Zabihullah Mujahid negou qualquer vínculo do novo governo afegãi com os paquistaneses. “Dizer que o Paquistão ajuda o Talibã é propaganda. Não permitiremos que nenhum país interfira nos temas afegãos”, insistiu. O diretor do serviço de inteligência militar paquistanês, Faiz Hameed, foi visto no fim de semana em Cabul, aumentando as especulações sobre uma reunião com autoridades talibãs.
Jornalistas que cobriam os protestos afirmaram que os combatentes talibãs executaram detenções e apreenderam material. Em um comunicado, a Associação Afegã de Jornalistas Independentes (AIJA) destacou que 14 repórteres, nacionais e estrangeiros, foram detidos por algumas horas.

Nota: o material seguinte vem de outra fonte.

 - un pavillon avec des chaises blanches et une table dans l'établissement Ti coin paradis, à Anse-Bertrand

No protesto em frente à embaixada, as afegãs clamaram por liberdade. “As mulheres querem que seu país seja livre. Querem a reconstrução do país. Estamos cansadas”, declarou Sarah Fahim. “Queremos que nosso povo tenha uma vida normal. Quanto tempo teremos que viver nesta situação?”, indagou a jovem de 25 anos.

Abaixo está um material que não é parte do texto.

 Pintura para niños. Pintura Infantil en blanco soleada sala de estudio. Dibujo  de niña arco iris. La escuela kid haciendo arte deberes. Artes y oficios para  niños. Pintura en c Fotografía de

A comunidade internacional tem reiterado que vai julgar o Talibã por suas ações no novo governo, retomado 20 anos depois da expulsão efetivada por uma coalizão liderada pelos Estados Unidos. O movimento radical prometeu respeitar os direitos das mulheres, violados durante o primeiro regime, de 1996 a 2001. Mas suas promessas não convencem.
Compromisso
Durante uma visita ao Catar, o secretário de Estado americano, Antony Blinken, afirmou que as novas autoridades em Cabul prometeram, novamente, que permitirão a saída de todos os afegãos que desejam abandonar o país. “A comunidade internacional espera que o Talibã respeite este compromisso”, disse o chefe da diplomacia do governo Joe Biden, ao lado do secretário de Defesa, Lloyd Austin.

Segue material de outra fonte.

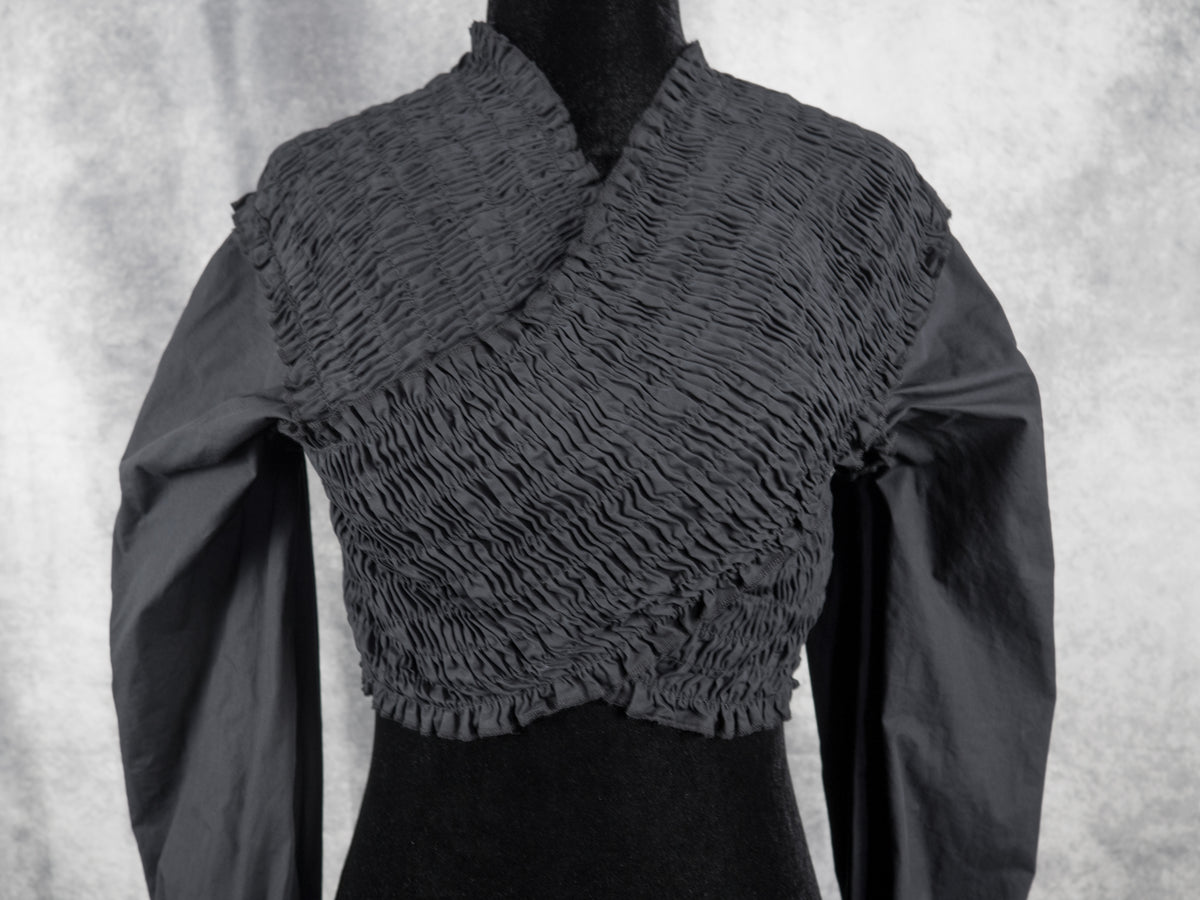 A dark gray smocked wrap-style crop top with long sleeves, displayed on a black dress form against a textured gray backdrop.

A Casa Branca é alvo de pressão, depois que várias informações apontaram que centenas de pessoas — incluindo alguns americanos — estariam bloqueadas no aeroporto de Mazar-i-Sharif, no norte do Afeganistão .
» As faces do poder
Mohammad Hasan Akhund
Natural de Kandahar, o novo primeiro-ministro afegão foi aliado próximo e conselheiro político do fundador do movimento e líder supremo,
mulá Omar. No primeiro governo do Talibã, foi chanceler, vice-premiê e governador da província de Kandahar. De acordo com a ONU, Akhund é conhecido por ter sido um dos “comandantes talibãs
mais eficazes”.
Mulá Baradar
O cofundador do movimento Abdul Ghani Baradar será o número dois do novo Executivo. Figura respeitada por várias facções talibãs, Baradar coordenou as negociações realizadas em Doha com o governo do então presidente americano Donald Trump, que levaram à retirada das forças estrangeiras do Afeganistão.
Abdul Salam Hanafi
Dividindo com Baradar a posição de número dois do governo, Hanafi foi o vice-ministro da Educação no primeiro governo do Talibã, que proibiu a escolarização das mulheres. Depois que o movimento islâmico foi destituído do poder em 2001, ele assumiu a província de Jawzjan, controlado pelo grupo. O Conselho de Segurança da ONU o acusa de envolvimento com tráfico de drogas.
Sirajuddin Haqqani
O novo ministro do Interior é filho do famoso comandante da jihad antissoviética Jalaluddin Haqqani. Ele lidera uma organização com seu sobrenome, fundada por seu pai, considerada terrorista por Washington, que garante ser uma das facções mais perigosas enfrentadas pelas tropas afegãs e da Otan nas últimas duas décadas. O FBI prometeu recompensa de até US$ 5 milhões por qualquer informação que possa levar à prisão de Haqqani.
O mulá Yaqub
O filho do mulá Omar assume o cargo de ministro da Defesa. Yaqub é o chefe da poderosa comissão militar do Talibã, que decidiu a estratégia do movimento na guerra contra o governo afegão. Os laços com seu pai, altamente reverenciado como o chefe do grupo, fazem dele uma figura unificadora dentro de um movimento amplo e diverso.